-- Task item --
Give back exactly the lines of the data below, starting with the line that has "Netanyahu's Hudson Valley" and going on through the line that has "Kløverhonning 520 g".
Top of Data records
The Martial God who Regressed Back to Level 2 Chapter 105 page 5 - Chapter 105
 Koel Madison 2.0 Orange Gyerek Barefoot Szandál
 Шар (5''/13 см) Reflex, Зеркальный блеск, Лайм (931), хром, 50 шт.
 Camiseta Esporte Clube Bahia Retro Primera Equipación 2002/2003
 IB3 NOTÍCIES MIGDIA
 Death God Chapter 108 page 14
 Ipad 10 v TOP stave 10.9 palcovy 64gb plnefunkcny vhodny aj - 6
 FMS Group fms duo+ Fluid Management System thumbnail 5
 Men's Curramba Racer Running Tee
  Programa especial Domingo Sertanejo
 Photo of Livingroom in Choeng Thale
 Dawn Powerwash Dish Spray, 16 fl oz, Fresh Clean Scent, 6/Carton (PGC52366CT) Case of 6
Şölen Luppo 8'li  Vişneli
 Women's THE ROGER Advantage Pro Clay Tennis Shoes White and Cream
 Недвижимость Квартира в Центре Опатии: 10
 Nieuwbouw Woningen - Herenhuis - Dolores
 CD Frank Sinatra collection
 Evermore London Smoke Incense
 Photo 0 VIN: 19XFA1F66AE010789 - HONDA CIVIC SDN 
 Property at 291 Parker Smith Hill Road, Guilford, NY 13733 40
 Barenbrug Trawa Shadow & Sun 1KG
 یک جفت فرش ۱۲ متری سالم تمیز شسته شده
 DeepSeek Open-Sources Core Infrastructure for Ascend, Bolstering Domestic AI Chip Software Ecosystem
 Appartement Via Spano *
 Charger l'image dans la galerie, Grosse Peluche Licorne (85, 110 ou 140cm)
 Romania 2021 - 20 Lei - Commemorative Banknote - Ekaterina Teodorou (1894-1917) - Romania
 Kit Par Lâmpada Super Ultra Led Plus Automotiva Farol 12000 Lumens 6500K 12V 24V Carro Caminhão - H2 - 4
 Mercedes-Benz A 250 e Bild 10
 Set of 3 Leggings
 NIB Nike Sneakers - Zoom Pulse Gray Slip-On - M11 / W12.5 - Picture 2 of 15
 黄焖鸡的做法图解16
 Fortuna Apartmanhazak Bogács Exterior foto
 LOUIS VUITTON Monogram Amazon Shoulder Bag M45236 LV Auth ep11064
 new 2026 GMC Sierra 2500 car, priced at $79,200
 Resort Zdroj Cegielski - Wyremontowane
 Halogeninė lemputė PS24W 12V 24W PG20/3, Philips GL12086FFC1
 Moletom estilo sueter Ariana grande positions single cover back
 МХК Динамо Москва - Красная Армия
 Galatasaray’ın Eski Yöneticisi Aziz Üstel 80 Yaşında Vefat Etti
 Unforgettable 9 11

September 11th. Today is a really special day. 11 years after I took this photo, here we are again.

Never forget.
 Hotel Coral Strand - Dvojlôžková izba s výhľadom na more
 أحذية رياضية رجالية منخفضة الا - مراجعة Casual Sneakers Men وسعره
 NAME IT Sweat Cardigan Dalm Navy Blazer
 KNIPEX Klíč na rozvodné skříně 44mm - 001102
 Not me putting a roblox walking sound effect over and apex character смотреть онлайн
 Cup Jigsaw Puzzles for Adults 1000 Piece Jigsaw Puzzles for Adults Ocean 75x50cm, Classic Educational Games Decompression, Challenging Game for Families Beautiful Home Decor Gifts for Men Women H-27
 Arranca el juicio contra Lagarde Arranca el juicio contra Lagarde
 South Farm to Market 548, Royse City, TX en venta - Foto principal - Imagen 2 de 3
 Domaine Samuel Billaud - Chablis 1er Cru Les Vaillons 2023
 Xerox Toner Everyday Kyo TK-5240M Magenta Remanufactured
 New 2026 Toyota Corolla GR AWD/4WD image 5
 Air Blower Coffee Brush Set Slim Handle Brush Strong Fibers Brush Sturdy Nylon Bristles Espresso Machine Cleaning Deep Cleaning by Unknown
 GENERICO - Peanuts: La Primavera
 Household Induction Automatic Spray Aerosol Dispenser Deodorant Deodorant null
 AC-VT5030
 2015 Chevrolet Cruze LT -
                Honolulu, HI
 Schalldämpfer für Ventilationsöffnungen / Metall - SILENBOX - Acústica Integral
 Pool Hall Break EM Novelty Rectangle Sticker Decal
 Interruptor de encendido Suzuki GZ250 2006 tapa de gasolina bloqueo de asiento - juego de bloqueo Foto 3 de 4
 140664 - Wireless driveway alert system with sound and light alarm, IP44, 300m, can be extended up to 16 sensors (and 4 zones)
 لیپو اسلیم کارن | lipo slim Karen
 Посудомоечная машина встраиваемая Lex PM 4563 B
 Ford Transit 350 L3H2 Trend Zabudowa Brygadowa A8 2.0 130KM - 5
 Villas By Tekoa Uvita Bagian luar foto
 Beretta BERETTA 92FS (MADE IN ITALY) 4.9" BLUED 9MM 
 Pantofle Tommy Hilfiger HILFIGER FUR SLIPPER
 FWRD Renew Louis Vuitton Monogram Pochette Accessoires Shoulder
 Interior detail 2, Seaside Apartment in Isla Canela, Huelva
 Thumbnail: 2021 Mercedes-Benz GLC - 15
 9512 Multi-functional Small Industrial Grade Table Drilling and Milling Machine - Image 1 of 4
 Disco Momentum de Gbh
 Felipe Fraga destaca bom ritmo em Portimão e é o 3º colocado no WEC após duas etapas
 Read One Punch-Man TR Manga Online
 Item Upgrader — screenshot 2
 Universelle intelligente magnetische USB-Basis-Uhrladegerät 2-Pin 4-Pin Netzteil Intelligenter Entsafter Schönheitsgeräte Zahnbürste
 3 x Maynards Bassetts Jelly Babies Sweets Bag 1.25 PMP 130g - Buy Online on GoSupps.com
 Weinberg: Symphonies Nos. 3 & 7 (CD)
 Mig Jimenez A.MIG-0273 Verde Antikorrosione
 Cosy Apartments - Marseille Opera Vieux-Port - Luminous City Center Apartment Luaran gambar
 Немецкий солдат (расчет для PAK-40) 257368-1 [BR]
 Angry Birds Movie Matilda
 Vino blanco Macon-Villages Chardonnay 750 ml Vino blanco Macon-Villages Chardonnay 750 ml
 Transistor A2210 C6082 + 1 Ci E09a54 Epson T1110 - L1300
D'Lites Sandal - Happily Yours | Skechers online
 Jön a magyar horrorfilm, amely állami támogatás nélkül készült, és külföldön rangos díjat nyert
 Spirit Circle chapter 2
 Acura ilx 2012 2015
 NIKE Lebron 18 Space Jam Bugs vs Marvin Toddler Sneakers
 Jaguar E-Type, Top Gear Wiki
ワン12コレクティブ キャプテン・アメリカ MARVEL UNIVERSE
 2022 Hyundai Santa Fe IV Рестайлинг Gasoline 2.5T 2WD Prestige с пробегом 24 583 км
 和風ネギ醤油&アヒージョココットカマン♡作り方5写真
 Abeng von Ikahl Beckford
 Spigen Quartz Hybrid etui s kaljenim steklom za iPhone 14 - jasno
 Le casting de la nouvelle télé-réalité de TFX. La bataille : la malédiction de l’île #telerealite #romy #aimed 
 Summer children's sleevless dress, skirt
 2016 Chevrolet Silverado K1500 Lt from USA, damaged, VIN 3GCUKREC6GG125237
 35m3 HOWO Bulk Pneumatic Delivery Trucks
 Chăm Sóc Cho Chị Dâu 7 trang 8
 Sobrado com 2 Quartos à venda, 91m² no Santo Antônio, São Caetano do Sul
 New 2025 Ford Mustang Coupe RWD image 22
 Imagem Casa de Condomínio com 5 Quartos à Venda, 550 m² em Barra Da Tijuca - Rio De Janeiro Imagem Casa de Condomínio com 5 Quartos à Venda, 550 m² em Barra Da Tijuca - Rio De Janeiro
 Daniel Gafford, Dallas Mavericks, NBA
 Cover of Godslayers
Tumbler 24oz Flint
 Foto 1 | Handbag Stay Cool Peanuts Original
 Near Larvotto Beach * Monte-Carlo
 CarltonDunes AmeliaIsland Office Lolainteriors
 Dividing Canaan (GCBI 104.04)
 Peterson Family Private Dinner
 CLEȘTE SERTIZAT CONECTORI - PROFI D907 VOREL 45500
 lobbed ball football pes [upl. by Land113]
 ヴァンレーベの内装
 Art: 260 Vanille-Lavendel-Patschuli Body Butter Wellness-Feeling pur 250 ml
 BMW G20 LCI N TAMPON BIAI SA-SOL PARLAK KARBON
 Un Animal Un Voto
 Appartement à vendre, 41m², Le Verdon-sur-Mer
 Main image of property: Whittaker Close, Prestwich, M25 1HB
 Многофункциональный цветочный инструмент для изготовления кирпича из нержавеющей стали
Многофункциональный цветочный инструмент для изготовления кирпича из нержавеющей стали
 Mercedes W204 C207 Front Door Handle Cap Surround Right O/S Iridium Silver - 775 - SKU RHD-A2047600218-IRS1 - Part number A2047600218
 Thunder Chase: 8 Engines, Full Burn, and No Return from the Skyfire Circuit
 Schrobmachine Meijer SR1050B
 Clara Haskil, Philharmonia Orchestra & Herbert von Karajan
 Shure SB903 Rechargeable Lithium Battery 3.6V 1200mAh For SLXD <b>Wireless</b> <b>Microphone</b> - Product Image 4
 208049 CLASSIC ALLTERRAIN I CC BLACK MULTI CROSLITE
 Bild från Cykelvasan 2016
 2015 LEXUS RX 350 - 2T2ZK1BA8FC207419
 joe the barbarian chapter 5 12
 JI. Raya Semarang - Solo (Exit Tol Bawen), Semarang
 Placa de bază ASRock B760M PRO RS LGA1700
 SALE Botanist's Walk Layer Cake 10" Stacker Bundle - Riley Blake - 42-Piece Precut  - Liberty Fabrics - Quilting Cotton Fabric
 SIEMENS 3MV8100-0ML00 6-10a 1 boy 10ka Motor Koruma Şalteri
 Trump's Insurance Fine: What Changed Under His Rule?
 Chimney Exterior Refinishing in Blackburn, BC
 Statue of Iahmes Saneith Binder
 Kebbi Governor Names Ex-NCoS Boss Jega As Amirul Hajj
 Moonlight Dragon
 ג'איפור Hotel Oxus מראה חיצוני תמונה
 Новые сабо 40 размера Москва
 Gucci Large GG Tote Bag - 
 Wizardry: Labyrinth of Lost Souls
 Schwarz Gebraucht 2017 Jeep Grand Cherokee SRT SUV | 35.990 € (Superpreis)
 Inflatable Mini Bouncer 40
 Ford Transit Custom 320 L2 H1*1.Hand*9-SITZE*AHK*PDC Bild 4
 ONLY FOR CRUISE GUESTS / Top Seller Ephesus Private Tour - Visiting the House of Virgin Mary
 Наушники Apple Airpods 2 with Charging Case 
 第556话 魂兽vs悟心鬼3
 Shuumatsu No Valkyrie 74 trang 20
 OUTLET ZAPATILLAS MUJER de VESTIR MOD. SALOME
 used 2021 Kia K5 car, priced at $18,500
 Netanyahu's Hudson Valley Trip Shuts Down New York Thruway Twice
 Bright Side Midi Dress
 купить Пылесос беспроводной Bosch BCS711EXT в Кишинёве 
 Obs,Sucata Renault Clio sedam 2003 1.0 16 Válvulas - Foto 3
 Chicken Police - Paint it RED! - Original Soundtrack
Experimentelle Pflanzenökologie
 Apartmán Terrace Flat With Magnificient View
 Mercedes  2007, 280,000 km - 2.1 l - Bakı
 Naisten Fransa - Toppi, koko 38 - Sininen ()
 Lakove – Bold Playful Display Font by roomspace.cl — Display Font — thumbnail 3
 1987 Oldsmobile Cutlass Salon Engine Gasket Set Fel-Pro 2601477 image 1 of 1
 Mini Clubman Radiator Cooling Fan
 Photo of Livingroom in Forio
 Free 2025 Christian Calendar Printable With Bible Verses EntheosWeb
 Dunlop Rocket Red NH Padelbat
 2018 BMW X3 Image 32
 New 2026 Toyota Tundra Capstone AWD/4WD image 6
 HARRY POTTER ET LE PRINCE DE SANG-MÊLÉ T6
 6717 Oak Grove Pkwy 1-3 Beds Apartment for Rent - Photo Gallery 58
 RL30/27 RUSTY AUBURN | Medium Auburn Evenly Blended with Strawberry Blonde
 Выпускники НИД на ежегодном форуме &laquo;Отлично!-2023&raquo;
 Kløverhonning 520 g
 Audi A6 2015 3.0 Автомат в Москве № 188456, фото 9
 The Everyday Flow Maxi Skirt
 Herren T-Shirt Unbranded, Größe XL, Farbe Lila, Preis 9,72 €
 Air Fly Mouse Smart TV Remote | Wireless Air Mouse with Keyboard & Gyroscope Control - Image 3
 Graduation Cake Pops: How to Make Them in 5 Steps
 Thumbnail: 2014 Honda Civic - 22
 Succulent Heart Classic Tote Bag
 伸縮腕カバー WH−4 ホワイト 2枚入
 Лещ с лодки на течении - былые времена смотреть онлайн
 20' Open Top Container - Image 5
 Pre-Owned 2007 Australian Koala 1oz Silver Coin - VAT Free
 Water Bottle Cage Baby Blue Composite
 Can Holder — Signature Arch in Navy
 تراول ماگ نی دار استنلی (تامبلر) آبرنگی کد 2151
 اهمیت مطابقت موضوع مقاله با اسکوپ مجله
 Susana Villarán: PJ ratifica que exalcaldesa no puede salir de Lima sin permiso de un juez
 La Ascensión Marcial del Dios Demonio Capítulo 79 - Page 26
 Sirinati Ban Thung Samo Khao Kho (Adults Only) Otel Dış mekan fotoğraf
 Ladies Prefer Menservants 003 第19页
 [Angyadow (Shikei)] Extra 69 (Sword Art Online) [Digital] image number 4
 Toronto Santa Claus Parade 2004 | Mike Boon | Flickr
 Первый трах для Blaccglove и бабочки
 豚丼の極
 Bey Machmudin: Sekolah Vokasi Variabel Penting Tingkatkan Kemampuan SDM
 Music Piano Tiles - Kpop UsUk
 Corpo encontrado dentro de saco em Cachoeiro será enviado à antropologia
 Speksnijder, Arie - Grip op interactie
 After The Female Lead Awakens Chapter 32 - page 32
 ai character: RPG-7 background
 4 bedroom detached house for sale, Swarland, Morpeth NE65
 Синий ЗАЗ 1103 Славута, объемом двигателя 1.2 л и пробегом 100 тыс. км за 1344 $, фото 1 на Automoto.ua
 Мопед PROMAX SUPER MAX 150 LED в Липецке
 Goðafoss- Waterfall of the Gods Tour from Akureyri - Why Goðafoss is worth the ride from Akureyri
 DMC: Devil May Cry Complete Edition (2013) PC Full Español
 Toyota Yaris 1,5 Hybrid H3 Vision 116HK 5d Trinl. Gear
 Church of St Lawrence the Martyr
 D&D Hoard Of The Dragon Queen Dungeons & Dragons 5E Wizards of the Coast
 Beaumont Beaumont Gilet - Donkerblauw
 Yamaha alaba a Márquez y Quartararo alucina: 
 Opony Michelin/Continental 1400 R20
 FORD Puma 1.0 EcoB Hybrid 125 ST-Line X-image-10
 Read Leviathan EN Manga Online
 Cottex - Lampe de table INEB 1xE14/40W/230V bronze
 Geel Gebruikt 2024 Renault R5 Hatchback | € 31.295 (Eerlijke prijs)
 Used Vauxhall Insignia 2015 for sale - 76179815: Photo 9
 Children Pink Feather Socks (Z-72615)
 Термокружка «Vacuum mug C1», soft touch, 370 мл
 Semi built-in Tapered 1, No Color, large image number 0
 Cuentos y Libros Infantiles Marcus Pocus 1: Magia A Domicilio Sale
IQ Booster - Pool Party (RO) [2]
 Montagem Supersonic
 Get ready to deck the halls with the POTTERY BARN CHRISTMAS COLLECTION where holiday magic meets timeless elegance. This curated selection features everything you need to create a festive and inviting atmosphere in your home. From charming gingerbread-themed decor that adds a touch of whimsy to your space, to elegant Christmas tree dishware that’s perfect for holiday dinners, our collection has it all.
Bottom of Data records
-- Result for this exercise --
 Netanyahu's Hudson Valley Trip Shuts Down New York Thruway Twice
 Bright Side Midi Dress
 купить Пылесос беспроводной Bosch BCS711EXT в Кишинёве 
 Obs,Sucata Renault Clio sedam 2003 1.0 16 Válvulas - Foto 3
 Chicken Police - Paint it RED! - Original Soundtrack
Experimentelle Pflanzenökologie
 Apartmán Terrace Flat With Magnificient View
 Mercedes  2007, 280,000 km - 2.1 l - Bakı
 Naisten Fransa - Toppi, koko 38 - Sininen ()
 Lakove – Bold Playful Display Font by roomspace.cl — Display Font — thumbnail 3
 1987 Oldsmobile Cutlass Salon Engine Gasket Set Fel-Pro 2601477 image 1 of 1
 Mini Clubman Radiator Cooling Fan
 Photo of Livingroom in Forio
 Free 2025 Christian Calendar Printable With Bible Verses EntheosWeb
 Dunlop Rocket Red NH Padelbat
 2018 BMW X3 Image 32
 New 2026 Toyota Tundra Capstone AWD/4WD image 6
 HARRY POTTER ET LE PRINCE DE SANG-MÊLÉ T6
 6717 Oak Grove Pkwy 1-3 Beds Apartment for Rent - Photo Gallery 58
 RL30/27 RUSTY AUBURN | Medium Auburn Evenly Blended with Strawberry Blonde
 Выпускники НИД на ежегодном форуме &laquo;Отлично!-2023&raquo;
 Kløverhonning 520 g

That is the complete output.